§ Available data
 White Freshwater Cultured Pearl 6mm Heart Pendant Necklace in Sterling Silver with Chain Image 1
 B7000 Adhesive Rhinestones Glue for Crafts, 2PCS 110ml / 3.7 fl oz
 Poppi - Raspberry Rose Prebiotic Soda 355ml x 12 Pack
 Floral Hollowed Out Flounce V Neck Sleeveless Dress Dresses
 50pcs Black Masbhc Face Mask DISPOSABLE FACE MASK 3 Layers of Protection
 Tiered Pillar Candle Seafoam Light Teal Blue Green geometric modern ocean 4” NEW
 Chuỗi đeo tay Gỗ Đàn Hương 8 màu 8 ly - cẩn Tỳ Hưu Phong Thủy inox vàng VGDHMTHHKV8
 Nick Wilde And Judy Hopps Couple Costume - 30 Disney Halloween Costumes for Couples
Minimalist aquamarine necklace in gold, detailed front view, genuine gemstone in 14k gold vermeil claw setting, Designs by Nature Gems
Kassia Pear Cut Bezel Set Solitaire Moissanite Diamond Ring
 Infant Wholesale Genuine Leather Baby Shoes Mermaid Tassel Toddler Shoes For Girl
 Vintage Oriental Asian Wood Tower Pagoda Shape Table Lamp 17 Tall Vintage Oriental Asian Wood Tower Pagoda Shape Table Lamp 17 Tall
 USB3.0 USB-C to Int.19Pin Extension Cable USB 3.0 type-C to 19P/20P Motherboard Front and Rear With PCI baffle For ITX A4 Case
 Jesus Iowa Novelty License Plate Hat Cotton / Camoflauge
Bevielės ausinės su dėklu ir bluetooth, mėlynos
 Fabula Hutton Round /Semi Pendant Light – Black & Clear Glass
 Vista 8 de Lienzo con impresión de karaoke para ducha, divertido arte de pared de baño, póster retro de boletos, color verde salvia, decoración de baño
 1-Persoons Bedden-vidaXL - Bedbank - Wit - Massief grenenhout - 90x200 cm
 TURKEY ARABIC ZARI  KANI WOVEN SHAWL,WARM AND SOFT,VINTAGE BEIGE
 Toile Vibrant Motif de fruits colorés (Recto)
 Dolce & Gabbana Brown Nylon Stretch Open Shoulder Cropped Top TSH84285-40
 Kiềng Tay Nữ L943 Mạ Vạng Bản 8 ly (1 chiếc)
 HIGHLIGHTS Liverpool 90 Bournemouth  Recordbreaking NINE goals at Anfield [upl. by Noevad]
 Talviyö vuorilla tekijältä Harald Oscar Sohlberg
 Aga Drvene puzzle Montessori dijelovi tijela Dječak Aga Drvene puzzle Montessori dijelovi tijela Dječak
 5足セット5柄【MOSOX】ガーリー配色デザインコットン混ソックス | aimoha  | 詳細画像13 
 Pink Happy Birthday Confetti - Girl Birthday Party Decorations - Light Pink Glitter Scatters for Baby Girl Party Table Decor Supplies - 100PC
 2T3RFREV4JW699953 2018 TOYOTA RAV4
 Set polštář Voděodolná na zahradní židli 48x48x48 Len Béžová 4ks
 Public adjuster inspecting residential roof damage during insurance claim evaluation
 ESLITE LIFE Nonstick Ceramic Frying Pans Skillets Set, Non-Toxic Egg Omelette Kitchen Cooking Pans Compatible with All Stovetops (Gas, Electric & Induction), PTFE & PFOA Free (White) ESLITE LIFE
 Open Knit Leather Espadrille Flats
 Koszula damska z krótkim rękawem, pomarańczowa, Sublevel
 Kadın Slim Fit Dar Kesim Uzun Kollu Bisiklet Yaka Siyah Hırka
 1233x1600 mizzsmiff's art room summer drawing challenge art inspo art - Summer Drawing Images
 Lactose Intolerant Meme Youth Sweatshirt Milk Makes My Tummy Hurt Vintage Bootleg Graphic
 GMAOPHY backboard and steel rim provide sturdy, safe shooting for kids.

§ What is needed
Please return all lines above in which the string "Table" is found.

§ Task solution
 Vintage Oriental Asian Wood Tower Pagoda Shape Table Lamp 17 Tall Vintage Oriental Asian Wood Tower Pagoda Shape Table Lamp 17 Tall
 Pink Happy Birthday Confetti - Girl Birthday Party Decorations - Light Pink Glitter Scatters for Baby Girl Party Table Decor Supplies - 100PC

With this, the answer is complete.